New entries flow in from the binary built with Tessera into transactional storage, where they're held temporarily to batch them up, and then assigned sequence numbers as each batch is flushed. This allows the Add API call to quickly return with durably assigned sequence numbers.

From there, an async process derives the entry bundles and Merkle tree structure from the sequenced batches, writes these to GCS for serving, before finally removing integrated bundles from the transactional storage.

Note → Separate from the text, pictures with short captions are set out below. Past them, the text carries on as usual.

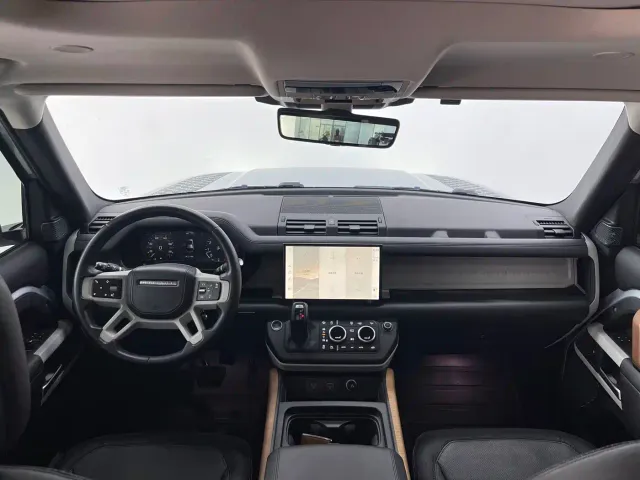 Land Rover Defender — Фото автомобиля 6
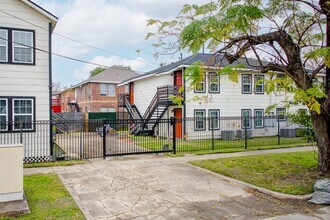 Building Photo - 2720 Truxillo St
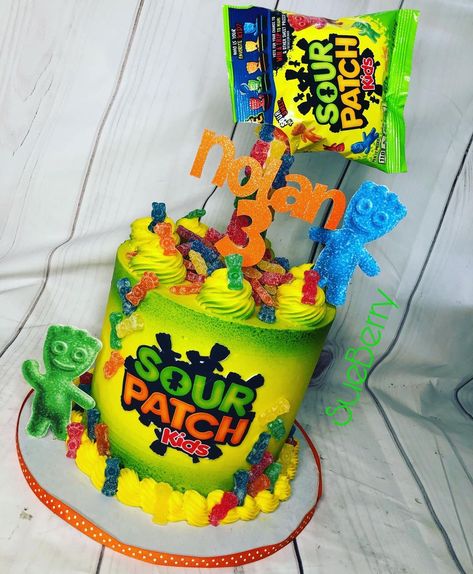 Susan Henley on Instagram: “#sourpatchkidscake #sueberrybirthdaycake #lovecake #sueberry #cakeslayer🎂🔪🎂🔌” Sour Patch Kids Birthday Party Ideas, Sour Patch Birthday Party Ideas, Sour Patch Kids Cake, Cake Types, Chocolate Easter Cake, Exquisite Cakes, Mermaid Birthday Cakes, 16 Birthday Cake, Funny Birthday Cakes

Since entries are all sequenced by the time they're stored, and sequencing is done in "chunks", it's worth noting that all tree derivations are therefore idempotent.

Transactional storage

The transactional storage is implemented with Cloud Spanner, and uses a schema with 3 tables:

SeqCoord

A table with a single row which is used to keep track of the next assignable sequence number.

Seq

This holds batches of entries keyed by the sequence number assigned to the first entry in the batch.

IntCoord

This table is used to coordinate integration of sequenced batches in the Seq table.

Life of a leaf

  1. Leaves are submitted by the binary built using Tessera via a call the storage's Add func.
  2. The storage library batches these entries up, and, after a configurable period of time has elapsed or the batch reaches a configurable size threshold, the batch is written to the Seq table which effectively assigns a sequence numbers to the entries using the following algorithm: In a transaction:
    1. selects next from SeqCoord with for update ← this blocks other FE from writing their pools, but only for a short duration.
    2. Inserts batch of entries into Seq with key SeqCoord.next
    3. Update SeqCoord with next+=len(batch)
  3. Integrators periodically integrate new sequenced entries into the tree: In a transaction:
    1. select seq from IntCoord with for update ← this blocks other integrators from proceeding.
    2. Select one or more consecutive batches from Seq for update, starting at IntCoord.seq
    3. Write leaf bundles to GCS using batched entries
    4. Integrate in Merkle tree and write tiles to GCS
    5. Delete consumed batches from Seq
    6. Update IntCoord with seq+=num_entries_integrated and the latest rootHash
  4. Checkpoints representing the latest state of the tree are published at the configured interval.

Dedup

An experimental implementation has been tested which uses Spanner to store the <identity_hash> --> sequence mapping. This works well using "slack" Spanner CPU available in the smallest possible footprint, and consequently is comparably cheap requiring only extra Spanner storage costs.

Alternatives considered

Other transactional storage systems are available on GCP, e.g. CloudSQL or AlloyDB. Experiments were run using CloudSQL (MySQL), AlloyDB, and Spanner.

Spanner worked out to be the cheapest while also removing much of the administrative overhead which would come from even a managed MySQL instance, and so was selected.

The experimental implementation was tested to around 1B entries of 1KB each at a write rate of 1500/s. This was done using the smallest possible Spanner alloc of 100 Processing Units.